▶ What the task asks: Beginning at the line that mentions "Poster modern technology", retype the rest of the records below exactly. Pictures are not part of the copy.

Crawled caption data

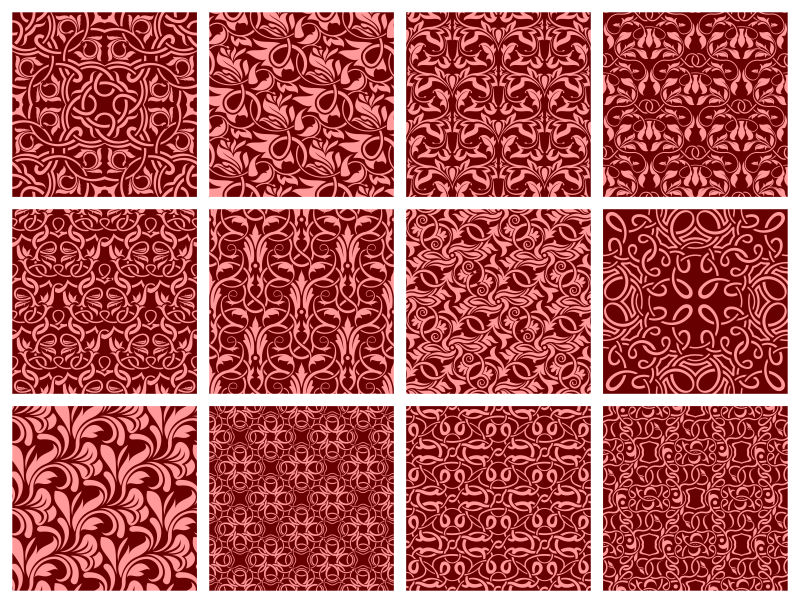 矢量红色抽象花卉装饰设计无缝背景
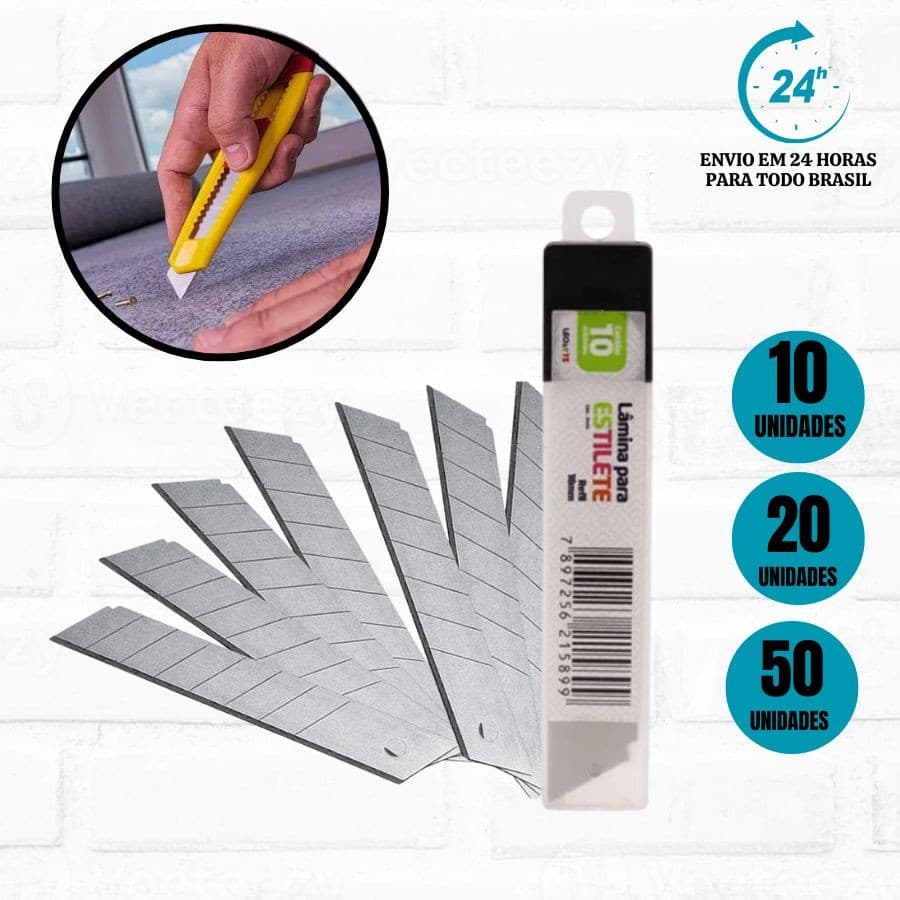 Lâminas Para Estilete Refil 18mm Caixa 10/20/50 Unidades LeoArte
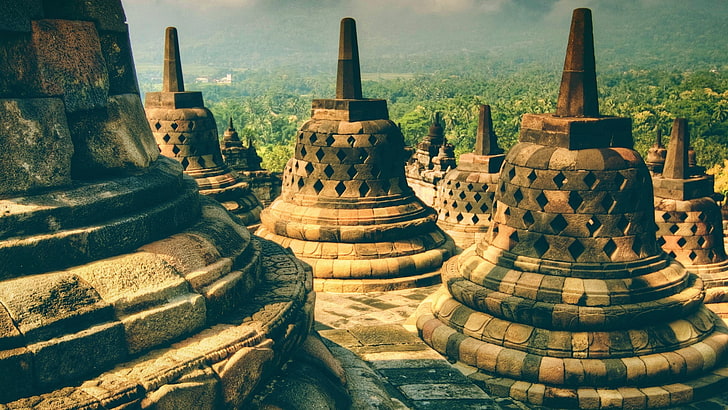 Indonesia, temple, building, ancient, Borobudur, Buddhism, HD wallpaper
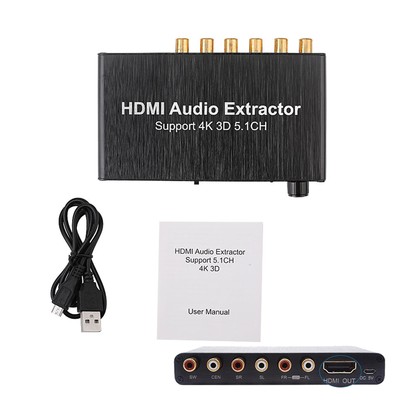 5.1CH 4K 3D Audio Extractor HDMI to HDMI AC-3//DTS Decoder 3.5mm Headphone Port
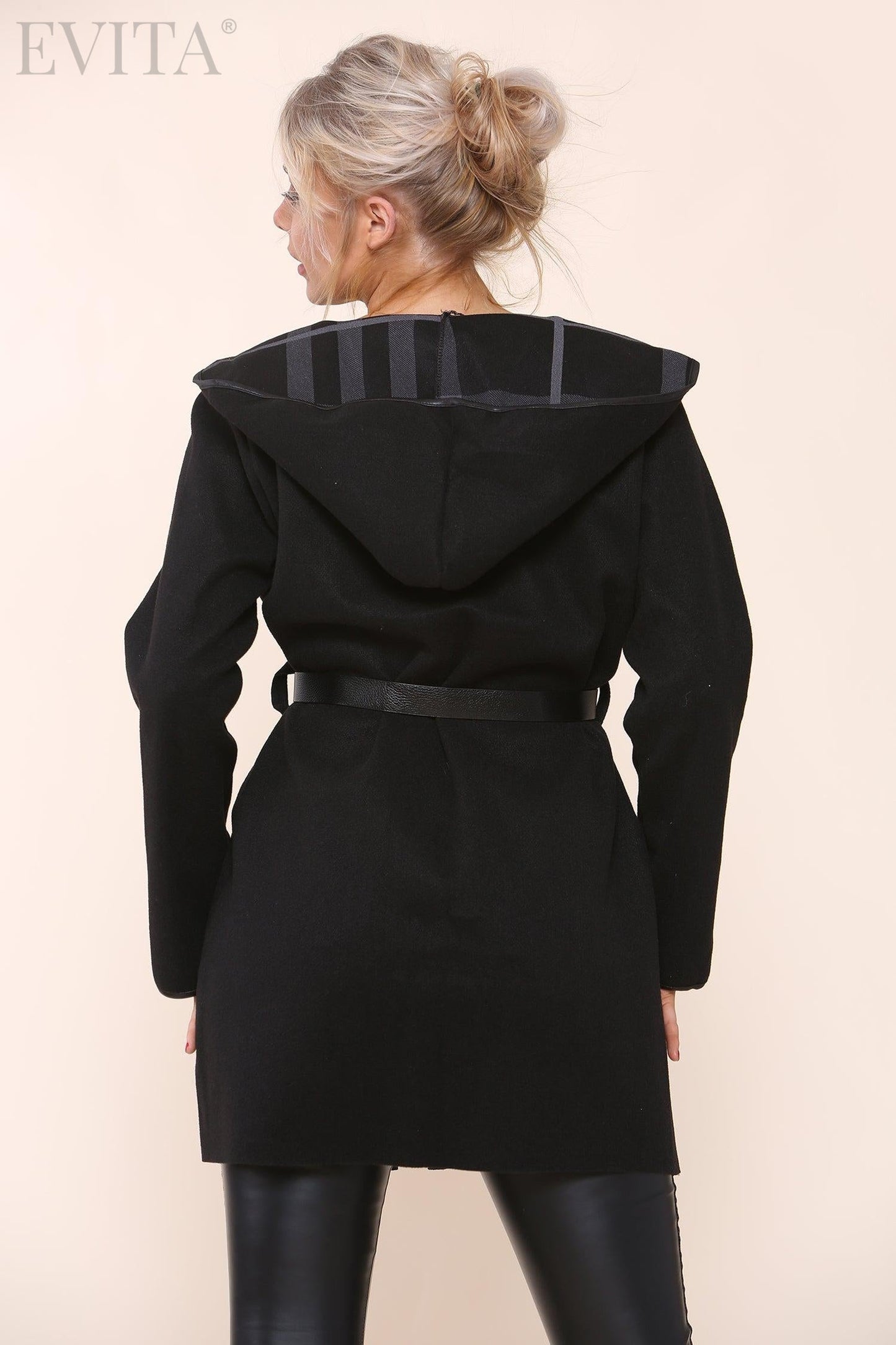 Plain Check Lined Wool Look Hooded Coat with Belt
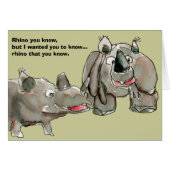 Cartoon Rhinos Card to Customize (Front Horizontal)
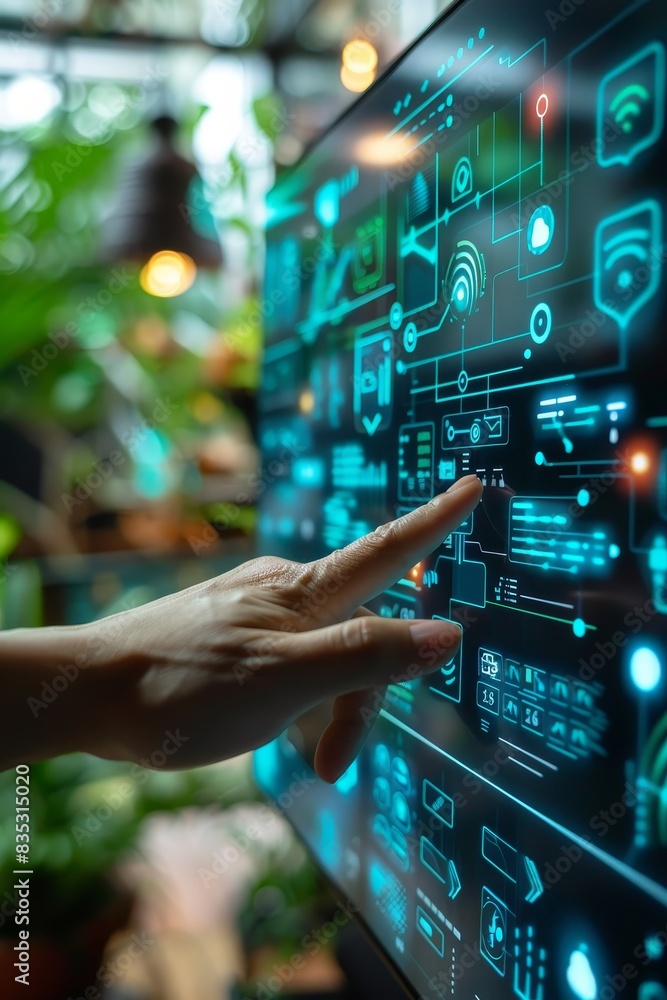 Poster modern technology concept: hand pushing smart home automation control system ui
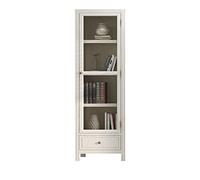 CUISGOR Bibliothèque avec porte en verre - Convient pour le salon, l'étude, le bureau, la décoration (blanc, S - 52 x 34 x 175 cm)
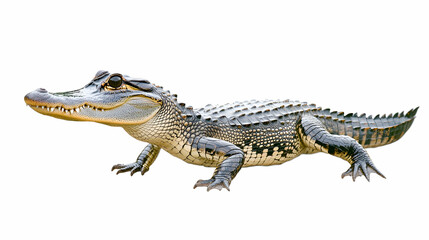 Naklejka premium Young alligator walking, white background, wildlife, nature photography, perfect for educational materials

▶ Task solution:
 Poster modern technology concept: hand pushing smart home automation control system ui
 CUISGOR Bibliothèque avec porte en verre - Convient pour le salon, l'étude, le bureau, la décoration (blanc, S - 52 x 34 x 175 cm)
 Naklejka premium Young alligator walking, white background, wildlife, nature photography, perfect for educational materials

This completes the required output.